→ **WORK ITEM**: Could you write out the line containing "APEX WindGuard Run Jacket" and all the lines below it in the data, exactly, through the final one and nothing else?

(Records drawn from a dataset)
**********
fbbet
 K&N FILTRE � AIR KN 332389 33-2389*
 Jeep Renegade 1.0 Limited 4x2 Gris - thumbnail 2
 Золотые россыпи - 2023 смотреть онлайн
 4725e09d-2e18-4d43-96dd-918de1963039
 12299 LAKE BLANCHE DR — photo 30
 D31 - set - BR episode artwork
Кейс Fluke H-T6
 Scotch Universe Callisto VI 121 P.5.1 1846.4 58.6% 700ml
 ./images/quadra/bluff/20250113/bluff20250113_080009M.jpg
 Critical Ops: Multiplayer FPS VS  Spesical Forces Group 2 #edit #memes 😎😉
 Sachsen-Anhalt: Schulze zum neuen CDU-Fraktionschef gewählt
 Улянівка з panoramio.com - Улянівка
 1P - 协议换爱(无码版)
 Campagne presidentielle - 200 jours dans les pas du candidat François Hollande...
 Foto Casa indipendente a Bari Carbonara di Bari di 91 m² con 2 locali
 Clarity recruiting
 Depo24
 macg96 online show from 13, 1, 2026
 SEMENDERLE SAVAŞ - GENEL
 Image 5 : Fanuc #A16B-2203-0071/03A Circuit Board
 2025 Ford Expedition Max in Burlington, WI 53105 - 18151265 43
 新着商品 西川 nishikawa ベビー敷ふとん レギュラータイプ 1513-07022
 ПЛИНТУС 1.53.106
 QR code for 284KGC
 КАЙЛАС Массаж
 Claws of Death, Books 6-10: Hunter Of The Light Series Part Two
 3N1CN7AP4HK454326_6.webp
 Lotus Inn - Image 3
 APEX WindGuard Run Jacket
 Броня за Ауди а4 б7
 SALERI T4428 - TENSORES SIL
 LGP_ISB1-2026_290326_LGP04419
**********
→ **ANSWER BOX**:
 APEX WindGuard Run Jacket
 Броня за Ауди а4 б7
 SALERI T4428 - TENSORES SIL
 LGP_ISB1-2026_290326_LGP04419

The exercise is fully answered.